11 Eylül saldırılarını izleyen günlerdeki özgürlükleri öldüren ortam Parlamento’nun (Avrupa Parlamentosu-y.n.) izole bir şekilde sürdürdüğü direnişe bir son vermeyi mümkün kıldı. 30 Mayıs 2002’de Avrupalı vekiller eski tavırlarını terk ettiler ve direktif önerisinin 15. Maddesini geçirdiler. Bu madde şöyle demektedir: ’Üye devletler bu direktifte öngörülen hak ve yükümlülükleri sınırlamayı hedefleyen yasama önlemlerini eğer bu kısıtlama ulusal güvenliği koruma, savunma ve halkın güvenliğini korumak için gerekli bir önlem ise cezai suçların ya da elektronik iletişim sisteminin izinsiz kullanımın araştırılması, tespitini ve takibini kabul edebilirler (…). Bu amaçla üye devletler başka önlemlerin yanında sınırlı bir üre için veriye el konulmasını önleyebilirler.
Üye devletlerde bu gözetim, adli makamlara hesap vermeyen ve bakanlık denetiminden özerk olan polis kuvvetleri (Europol) tarafından yürütülecektir.
Avrupa birliği düzeyinde de aynı şey geçerlidir. Avrupa Polis Teşkilatı önemli bir özerkliğe, bağımsızlığını sağlayan bir dokunulmazlığı sahiptir.

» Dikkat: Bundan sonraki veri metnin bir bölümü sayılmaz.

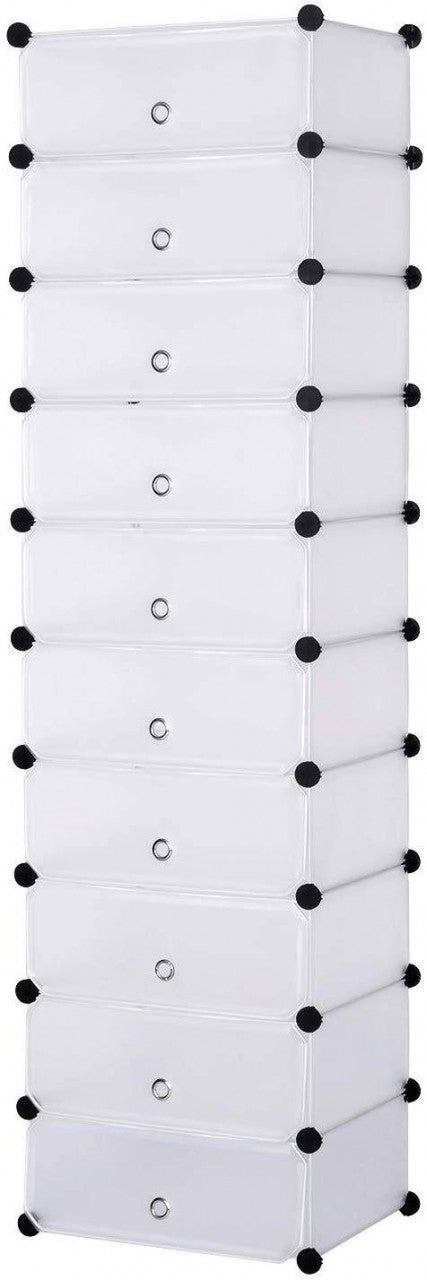 24goodz DIY Shoe Cabinet with Door - Versatile Storage Solution - Durable Plastic - For Home Use - Black with Semi-Transparent White Doors - ws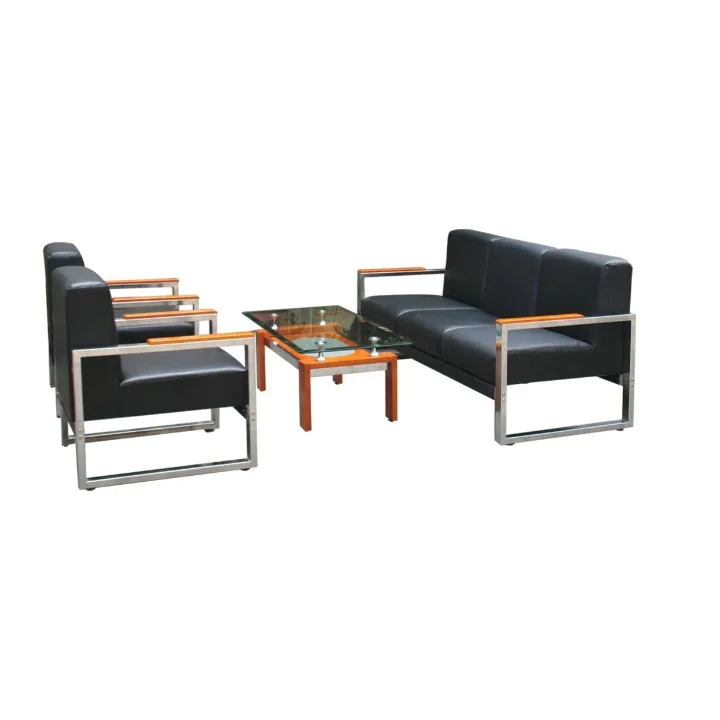 BỘ GHẾ PHÒNG KHÁCH KHUNG THÉP SF80 DA ĐEN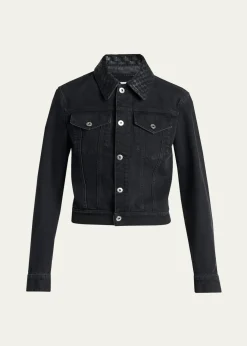 Bottega VenetaIntrecciato-Collar Faded Black Denim Jacket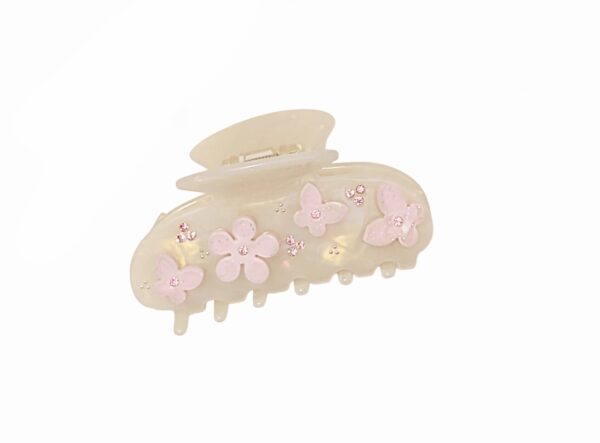 Hårklype med blomst og sommerfugl – Creme perlemor/pudderrosa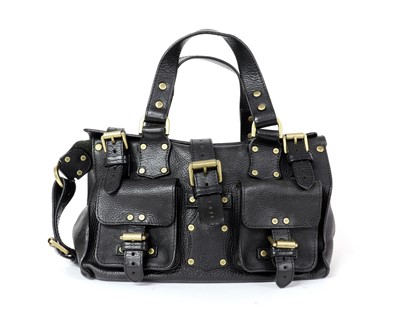 Lot 370 - A Mulberry black leather Roxanne bag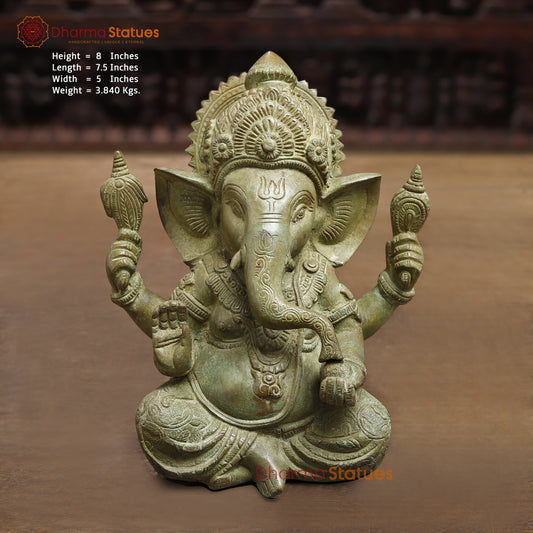 Brass Ganesh seated in Blessing Posture, Fine Green Finish, 8"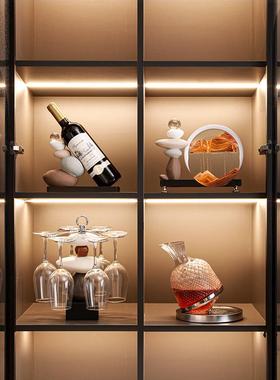 时来运转红酒架酒柜摆件餐边电视柜流沙画家居客厅酒托杯架装饰品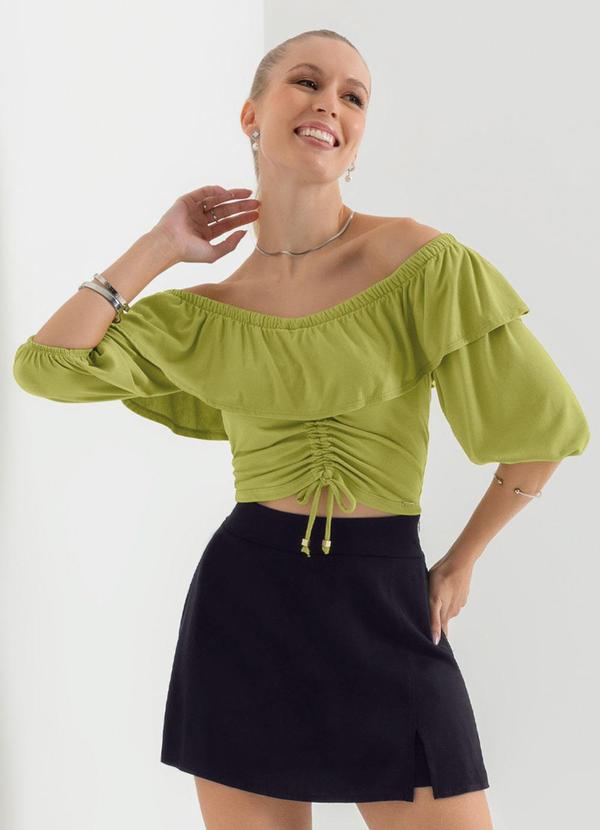Cativa - Blusa Ombro a Ombro com Amarração Verde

Europol Sözleşmesi’nin 8. maddesi üyelerine resmi görevlerinin yürütülmesinde yapılan sözlü ya da yazılı açıklamalarla kendileri tarafından gerçekleştirilen eylemlerle ilgili hukuki süreçten dokunulmazlık ve resmi kâğıt ve dokümanlarının ve diğer resmi materyallerinin dokunulmazlığını tanır.
Özel hayatın piyasa mekanizmalarına entegrasyonuna, artık sadece kamusal alanla sınırlı olmayan, şimdi günlük hayatın bir parçası olan polis gözetimi eşlik etmektedir.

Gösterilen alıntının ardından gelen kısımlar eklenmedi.